§ **Your instructions**
Starting at the line that contains "Alright guys, that's" and stopping at the line that contains "Hey, this is", transcribe every line of the material below exactly; pictures stay out.
*** Task material
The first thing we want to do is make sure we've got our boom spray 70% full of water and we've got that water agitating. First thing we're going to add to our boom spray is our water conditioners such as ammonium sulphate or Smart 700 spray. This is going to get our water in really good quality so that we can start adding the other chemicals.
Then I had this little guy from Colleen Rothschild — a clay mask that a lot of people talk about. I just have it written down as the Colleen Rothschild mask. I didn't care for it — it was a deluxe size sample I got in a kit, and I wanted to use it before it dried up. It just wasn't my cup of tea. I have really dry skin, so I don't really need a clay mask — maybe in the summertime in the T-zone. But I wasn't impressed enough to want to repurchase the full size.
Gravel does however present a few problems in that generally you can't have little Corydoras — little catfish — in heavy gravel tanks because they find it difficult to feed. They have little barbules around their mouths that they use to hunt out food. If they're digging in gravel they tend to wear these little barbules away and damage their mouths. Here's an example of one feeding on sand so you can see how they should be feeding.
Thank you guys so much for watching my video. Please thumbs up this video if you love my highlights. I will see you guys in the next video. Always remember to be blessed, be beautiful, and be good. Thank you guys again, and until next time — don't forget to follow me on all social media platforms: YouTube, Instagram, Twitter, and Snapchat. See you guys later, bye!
******
*** Task material
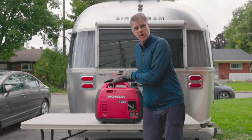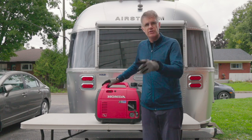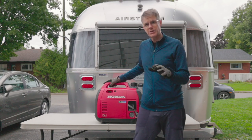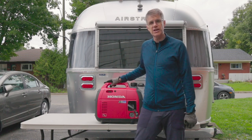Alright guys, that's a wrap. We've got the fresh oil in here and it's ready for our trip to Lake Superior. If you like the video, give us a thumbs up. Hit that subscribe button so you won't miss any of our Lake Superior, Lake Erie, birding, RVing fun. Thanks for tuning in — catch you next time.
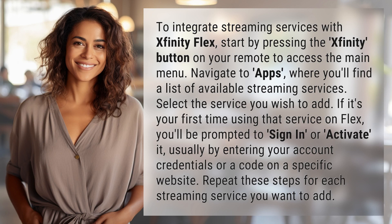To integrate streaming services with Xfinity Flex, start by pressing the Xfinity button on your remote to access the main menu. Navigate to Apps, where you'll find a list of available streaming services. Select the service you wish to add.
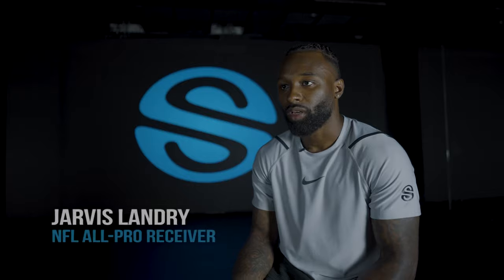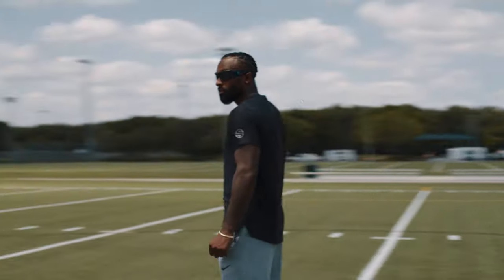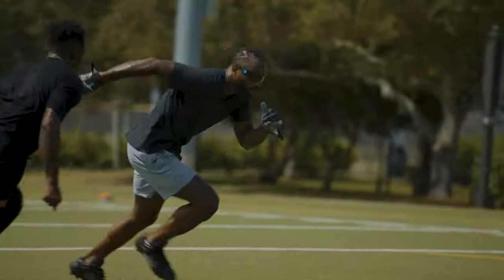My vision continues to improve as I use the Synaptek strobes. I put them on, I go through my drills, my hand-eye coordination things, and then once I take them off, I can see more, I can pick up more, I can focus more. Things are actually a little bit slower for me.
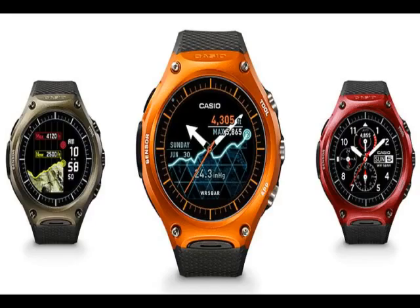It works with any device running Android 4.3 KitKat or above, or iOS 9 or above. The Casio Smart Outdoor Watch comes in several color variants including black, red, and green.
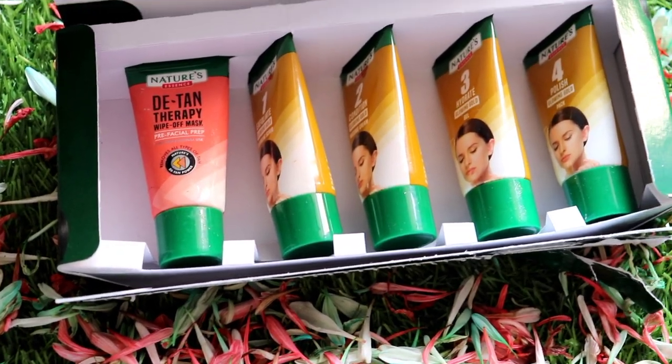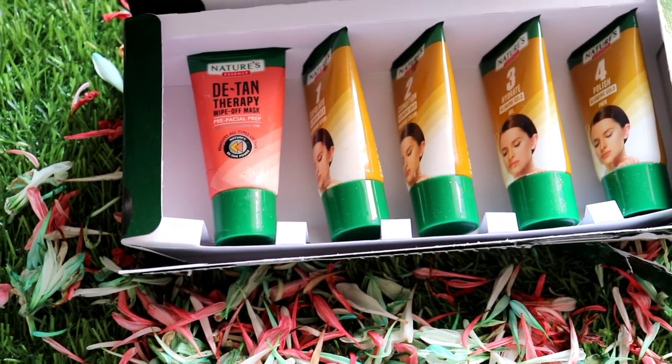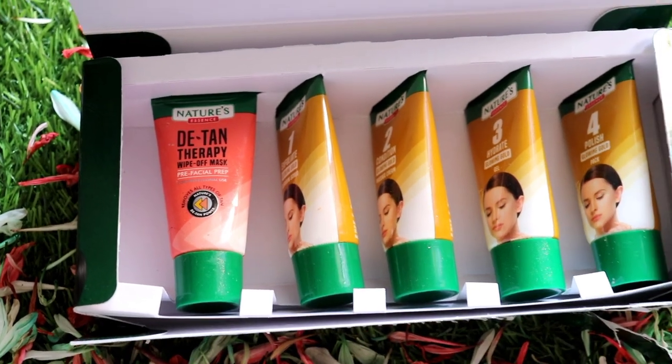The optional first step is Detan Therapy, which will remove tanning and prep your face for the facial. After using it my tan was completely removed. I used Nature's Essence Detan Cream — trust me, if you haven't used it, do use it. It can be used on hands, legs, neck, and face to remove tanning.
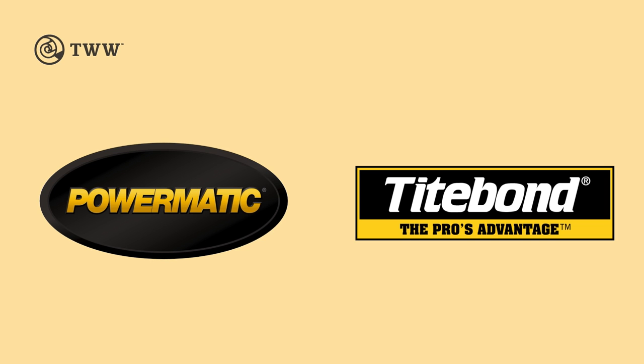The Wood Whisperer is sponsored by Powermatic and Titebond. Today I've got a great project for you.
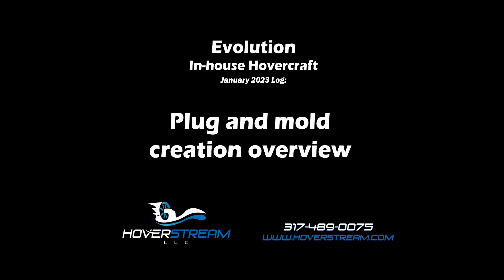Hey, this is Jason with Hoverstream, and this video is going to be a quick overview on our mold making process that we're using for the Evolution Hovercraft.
******
§ **Answer section**
Alright guys, that's a wrap. We've got the fresh oil in here and it's ready for our trip to Lake Superior. If you like the video, give us a thumbs up. Hit that subscribe button so you won't miss any of our Lake Superior, Lake Erie, birding, RVing fun. Thanks for tuning in — catch you next time.
To integrate streaming services with Xfinity Flex, start by pressing the Xfinity button on your remote to access the main menu. Navigate to Apps, where you'll find a list of available streaming services. Select the service you wish to add.
My vision continues to improve as I use the Synaptek strobes. I put them on, I go through my drills, my hand-eye coordination things, and then once I take them off, I can see more, I can pick up more, I can focus more. Things are actually a little bit slower for me.
It works with any device running Android 4.3 KitKat or above, or iOS 9 or above. The Casio Smart Outdoor Watch comes in several color variants including black, red, and green.
The optional first step is Detan Therapy, which will remove tanning and prep your face for the facial. After using it my tan was completely removed. I used Nature's Essence Detan Cream — trust me, if you haven't used it, do use it. It can be used on hands, legs, neck, and face to remove tanning.
The Wood Whisperer is sponsored by Powermatic and Titebond. Today I've got a great project for you.
Hey, this is Jason with Hoverstream, and this video is going to be a quick overview on our mold making process that we're using for the Evolution Hovercraft.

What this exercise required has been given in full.